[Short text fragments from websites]
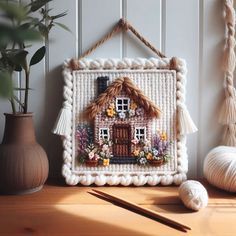 a white frame with a house on it next to some yarn and a potted plant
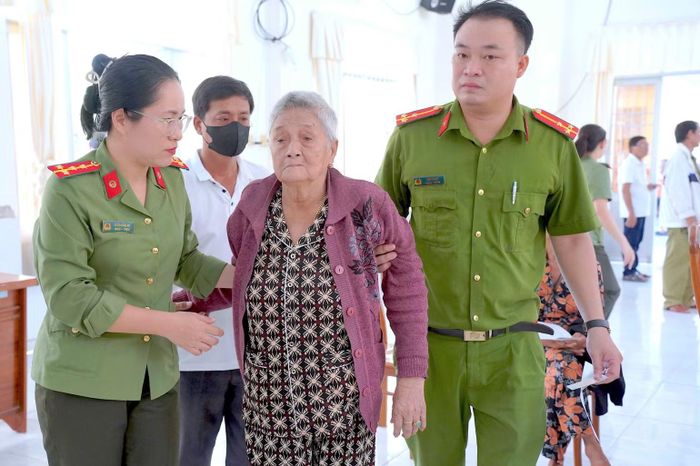 Cán bộ Công an xã Tân Tiến, tỉnh Cà Mau hỗ trợ thân nhân liệt sĩ già yếu đến điểm thu nhận sinh phẩm ADN. (ảnh HỮU ĐỆ).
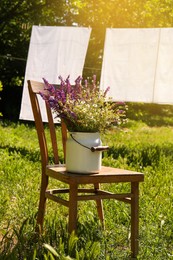 Beautiful bouquet with field flowers on chair outdoors, space for text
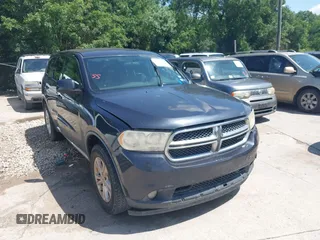 2013 Dodge Durango SXT z VIN 1C4RDHAG4DC679636, wystawiony jako IAAI lot #42346309 z przebiegiem 289 203 mil mil oraz . Historia ofert i sprzedaży dostępna na DreamBid. Obrazek 1.
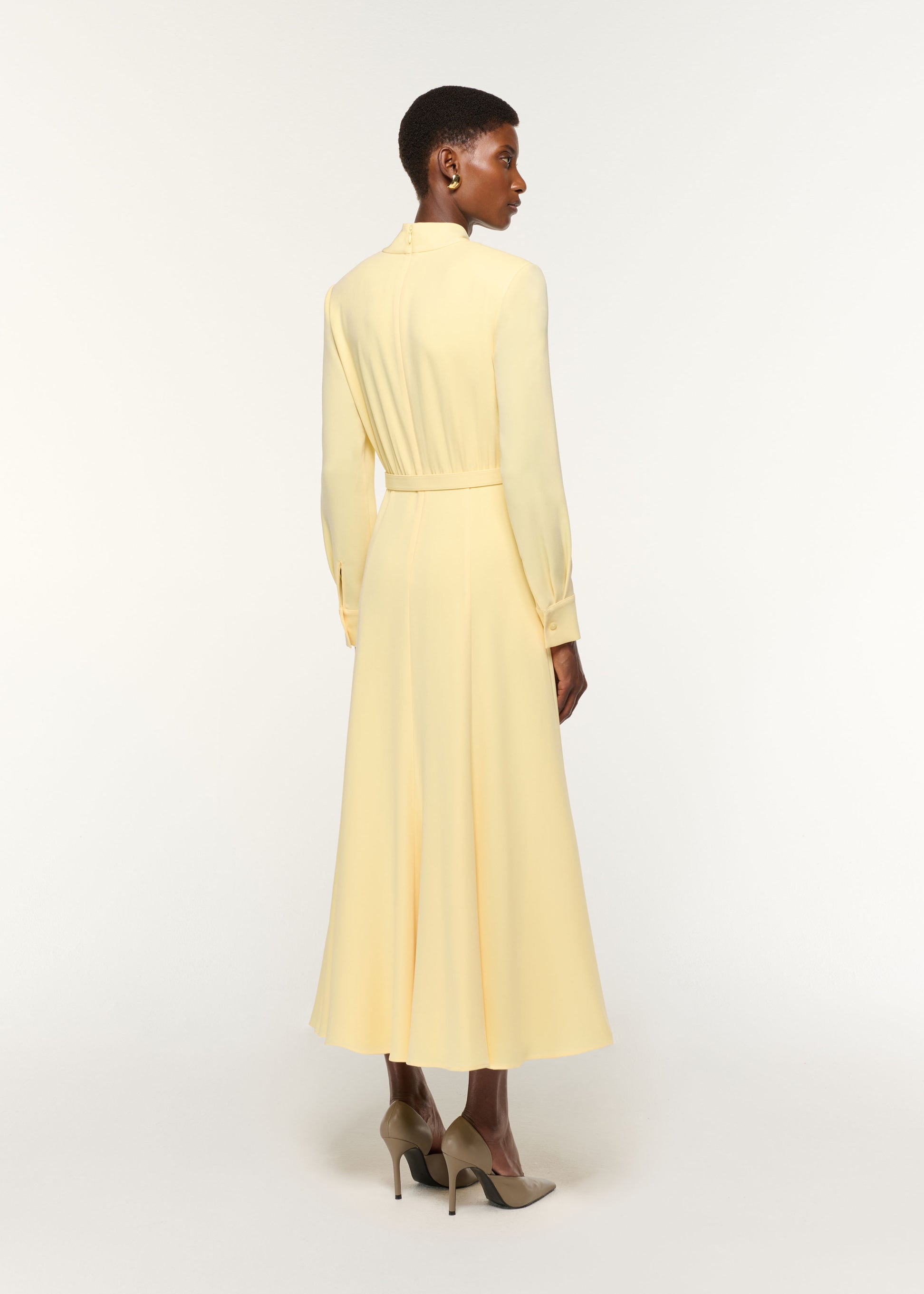 Back view of a model wearing the Light Cady Cut Out Dress in Yellow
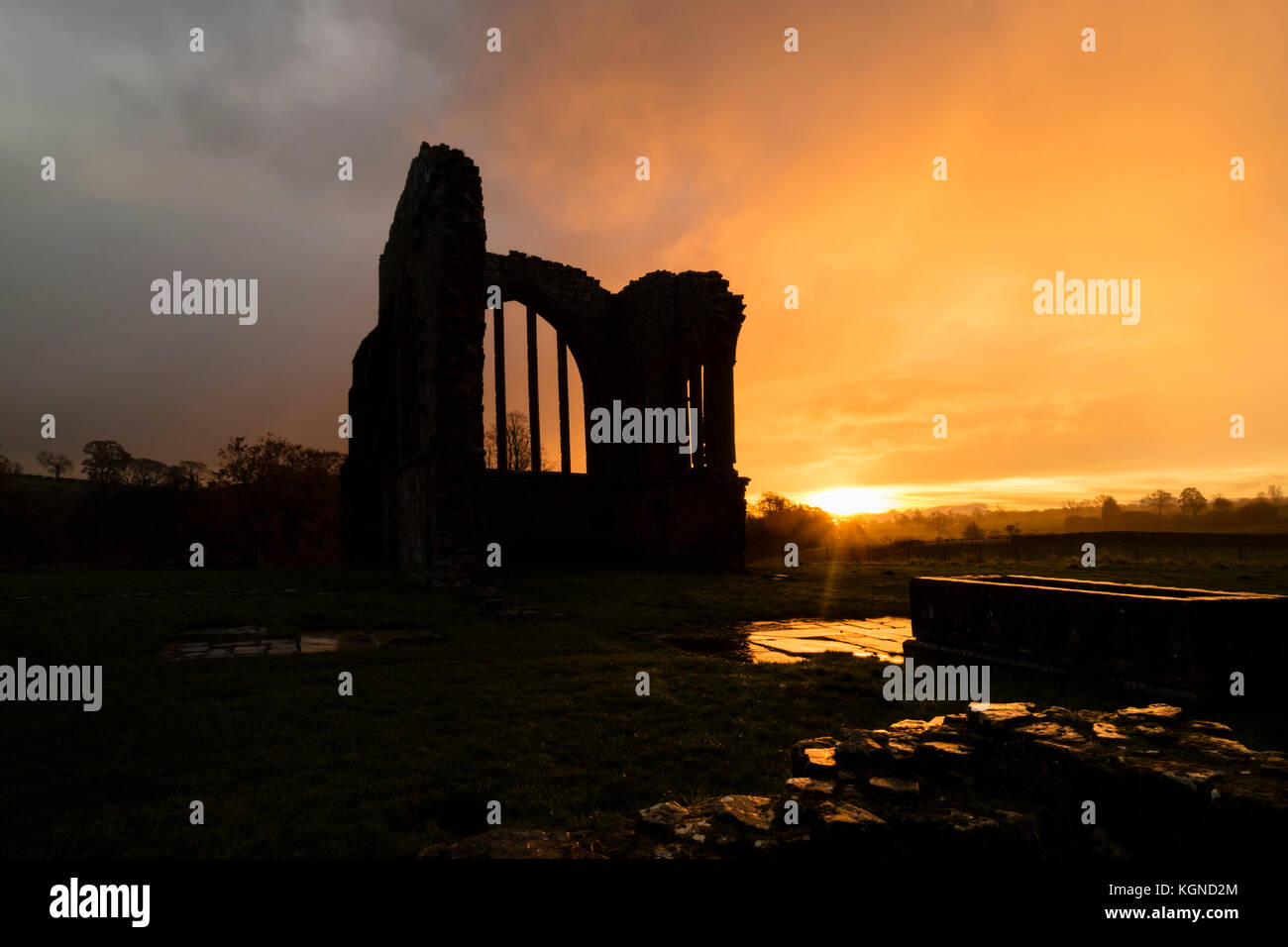 Egglestone Abbey, Barnard Castle, Teesdale, County Durham UK.  Thursday 9th November 2017. UK Weather.  Heavy showers to start the day as the first rays of the rising sun began to illuminate the ruins of Egglestone Abbey near Barnard Castle this morning.  Credit: David Forster/Alamy Live News Stock Photo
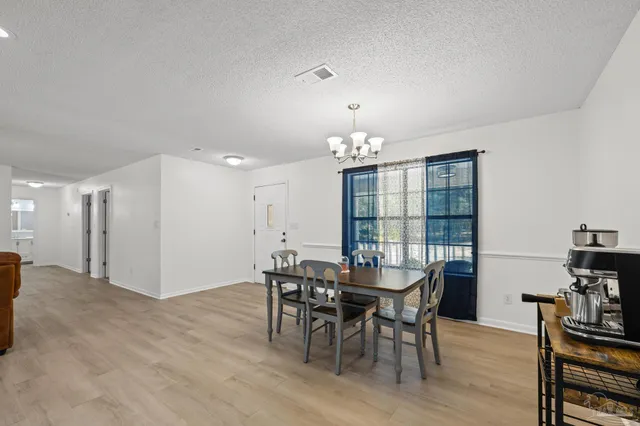a view of a dining room with furniture and window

*Task details*: Word for word, copy every line of the data, excluding any pictures.

*Response box*:
 a white frame with a house on it next to some yarn and a potted plant
 Cán bộ Công an xã Tân Tiến, tỉnh Cà Mau hỗ trợ thân nhân liệt sĩ già yếu đến điểm thu nhận sinh phẩm ADN. (ảnh HỮU ĐỆ).
 Beautiful bouquet with field flowers on chair outdoors, space for text
 2013 Dodge Durango SXT z VIN 1C4RDHAG4DC679636, wystawiony jako IAAI lot #42346309 z przebiegiem 289 203 mil mil oraz . Historia ofert i sprzedaży dostępna na DreamBid. Obrazek 1.
 Back view of a model wearing the Light Cady Cut Out Dress in Yellow
 Egglestone Abbey, Barnard Castle, Teesdale, County Durham UK.  Thursday 9th November 2017. UK Weather.  Heavy showers to start the day as the first rays of the rising sun began to illuminate the ruins of Egglestone Abbey near Barnard Castle this morning.  Credit: David Forster/Alamy Live News Stock Photo
a view of a dining room with furniture and window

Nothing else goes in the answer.